Choć jego niesłabnąca popularność koncertowa w Stanach liczy już ponad dwie dekady, to muzyk ten nie jest znany polskiej publiczności z występów na żywo. James gra płynnie na saksofonach tenorowym, altowym i sopranowym oraz komponuje utwory, z których niektóre stały się przebojami soul-jazzu. W 2013 r. otrzymał Grammy za najlepszy popowy album instrumentalny.
Słuchając jego płyt, nietrudno nie mieć skojarzeń z twórczością jakże popularnego saksofonisty Kenny`go G. Ton saksofonów Jamesa jest wprawdzie bardziej aksamitny, lecz pełne sentymentu prowadzenie linii tematów i partii improwizowanych pozostaje na podobnym poziomie emocjonalnym.
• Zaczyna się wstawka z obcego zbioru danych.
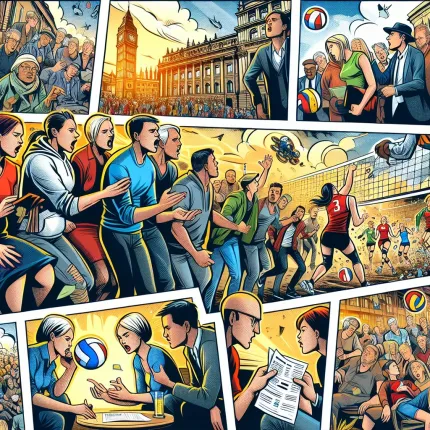 Ставки на женский волейбол: Искусство предсказания и аналитики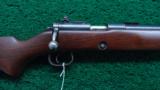 WINCHESTER MODEL 52 TARGET RIFLE - 1 of 16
Brak w tym wszystkim szczypty zadziorności czy pikanterii, by muzyka na płycie nie stanowiła tylko tła dla towarzyskich spotkań.
Cenny wkład w repertuar płyty wniósł bogaty głos Lalah Hathaway w utworze "Coastin’" i szkoda, że zaśpiewała tylko raz. Instrumentacja dziesięciu utworów na płycie jest dość podobna.
Pewien wyłom w przyjętej stylistyce stanowią kompozycje "Intention" i "Bring It Back", w których intensywniejsza instrumentacja i hip-hopowy rytm emanują mocniejszym przekazem. Oprócz popisów solowych lidera, wypełniających większość materiału, do głosu dochodzą z rzadka trębacz, gitarzysta, a nawet harfista.